Dr. Pamela Moran, superintendent, serves the learners of Albemarle County Public Schools in Virginia. For more than 30 years, she has held a wide variety of teaching and leadership roles in elementary, middle, and high schools as well as at the district level. As an adjunct instructor for the University of Virginia, Pam Moran has taught instructional and leadership courses across the state. The experience of working at all levels of public schooling provides her with a deep understanding of both the vertical and horizontal challenges and opportunities being explored by PK-12-16 learning communities today.
Connecting with other public school educators to make sense of needed transitions in our field as we close in on the second decade of the 21st Century is a passion. Pam is energized by conversations with young people who get Daniel Pink's work, relish emerging technologies as learning and communication tools, and see themselves as contributors to the communities in which they live. Engagement with teachers and principals who believe, as did Horace Mann, "when a child has no hope, a nation has no future" inspires her. She holds a B.S. degree from Furman University and a master's degree in Curriculum and Instruction and a doctoral degree in Educational Leadership and Policy Studies from the University of Virginia.
As we move towards the end of the first decade in the 21st Century, why is education on the
backburner as a presidential election issue, its inertia slowing towards 2014? Where do you tune
into the "fast money" fears of those who follow the decoupling of America's economy as a key
driver of global markets?
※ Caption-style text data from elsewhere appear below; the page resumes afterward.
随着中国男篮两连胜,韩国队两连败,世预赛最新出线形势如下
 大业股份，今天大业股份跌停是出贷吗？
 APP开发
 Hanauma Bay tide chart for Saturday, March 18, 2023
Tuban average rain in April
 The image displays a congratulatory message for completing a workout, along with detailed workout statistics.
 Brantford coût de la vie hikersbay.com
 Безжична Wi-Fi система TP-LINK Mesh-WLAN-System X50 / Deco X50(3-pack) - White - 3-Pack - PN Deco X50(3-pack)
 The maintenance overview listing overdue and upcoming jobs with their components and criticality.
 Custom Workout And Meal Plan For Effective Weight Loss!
Who knows an educator who has not "youtubed" Did you Know?, and
left the site wondering if the sun is setting on America just as it did on the British Empire by
1910? Why do some think the real issue isn't globalization at all, but rather the mass production
traditions still used in most American classrooms? Lastly, have you recently been in a group
of educators attempting to define the problem we are trying to solve and left feeling as mentally
messy as if you had spent time nailing Jell-O to a wall?
While emerging technologies represent the learning resource of our time, a bigger enchilada for
educational change can be found in the system processes necessary to serve diverse learners
whose needs and interests differentiate them within a community. This keynote will explore
critical system process shifts likely to create the potential for a positive turn in the 21st Century
educational "stock market" rather than the permanently failing status that public school detractors
predict. These system shifts include:
- "The transition from teacher as independent contractor to professional learning teams that engage in case analysis and portfolio process management,
- "The replacement of one-size-fits all evaluation/training programs with job embedded, performance-driven professional development systems and,
- "The "great leap of faith" from a "20th Century standards-based learning" stepping stone onto a "21st Century standards-based, concept-centered learning" stepping stone.